WORK REQUIRED: In your copy of the listing below, reproduce each word exactly and include no pictures.
*** Opening COLLECTED DATA ***
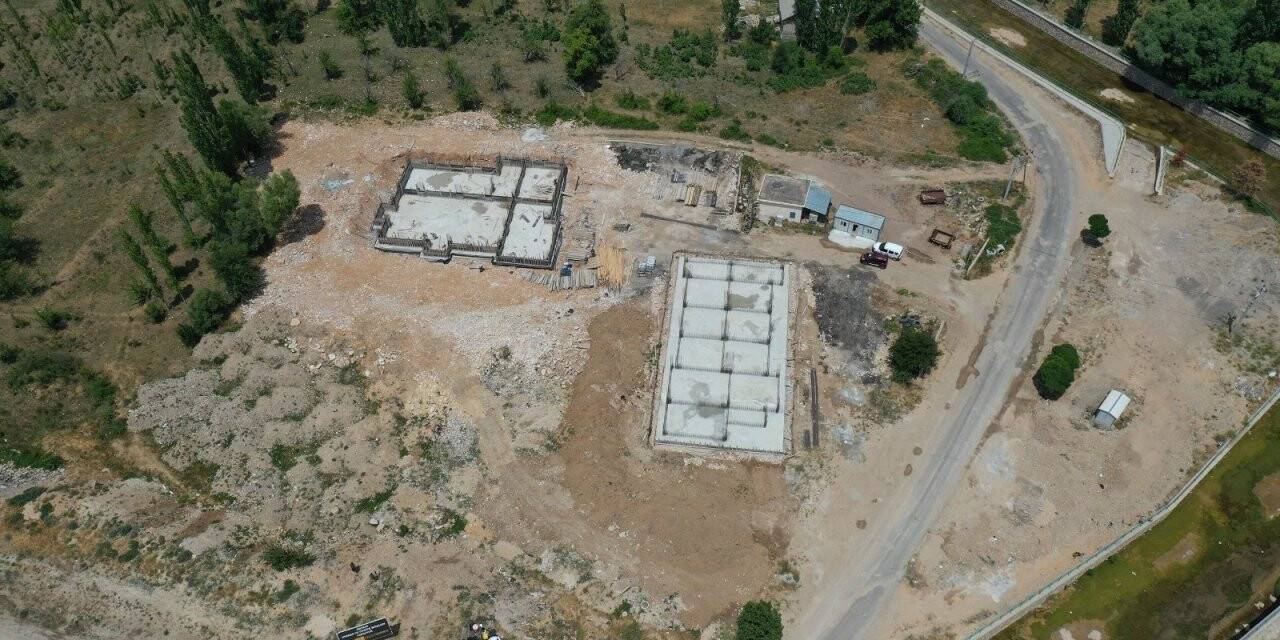 Konya Büyükşehir’den Bozkır’a yeni otogar ve itfaiye binası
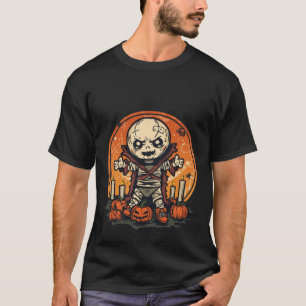 🎃 Funny Voodoo Halloween – Spooky, Weird T-Shirt
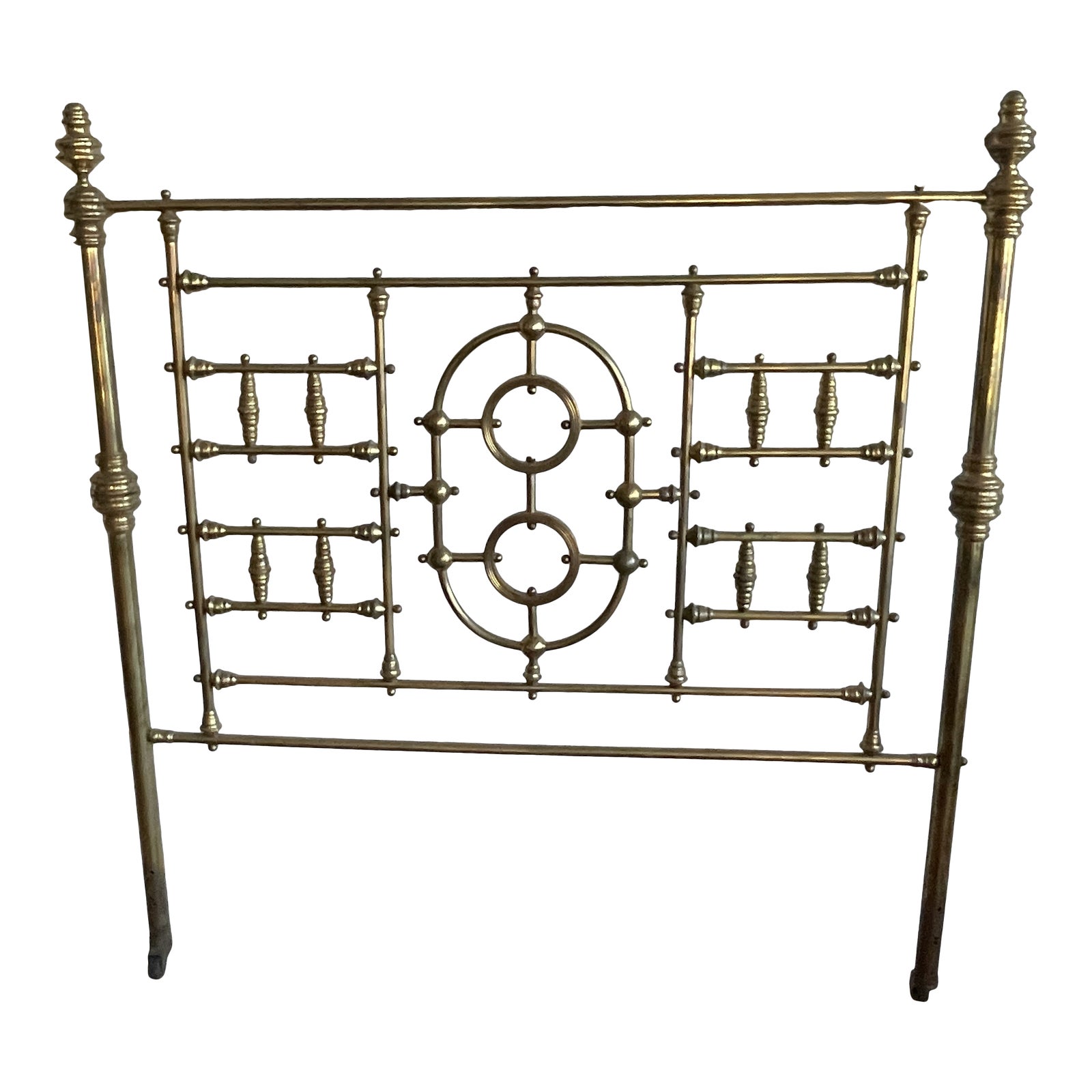 Antique Victorian Brass Full Size Headboard Chairish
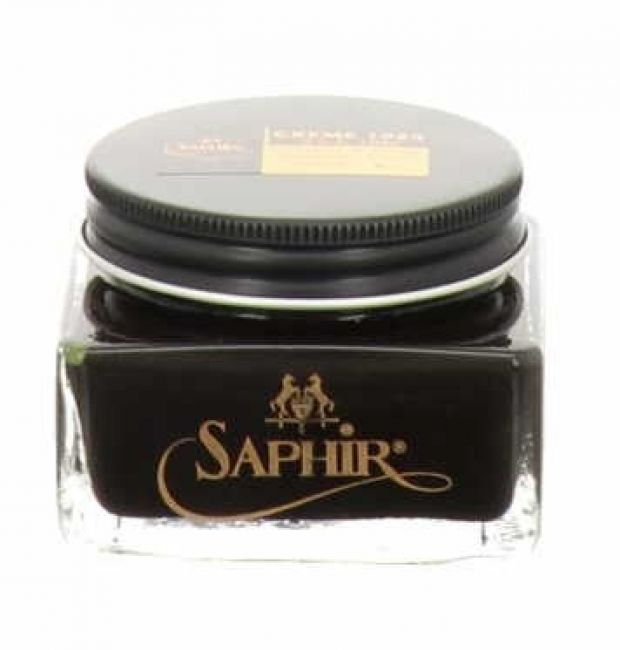 Saphir Creme 1925 dunkelbraun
*** Closing COLLECTED DATA ***
SOLUTION TO THIS EXERCISE:
 Konya Büyükşehir’den Bozkır’a yeni otogar ve itfaiye binası
 🎃 Funny Voodoo Halloween – Spooky, Weird T-Shirt
 Antique Victorian Brass Full Size Headboard Chairish
 Saphir Creme 1925 dunkelbraun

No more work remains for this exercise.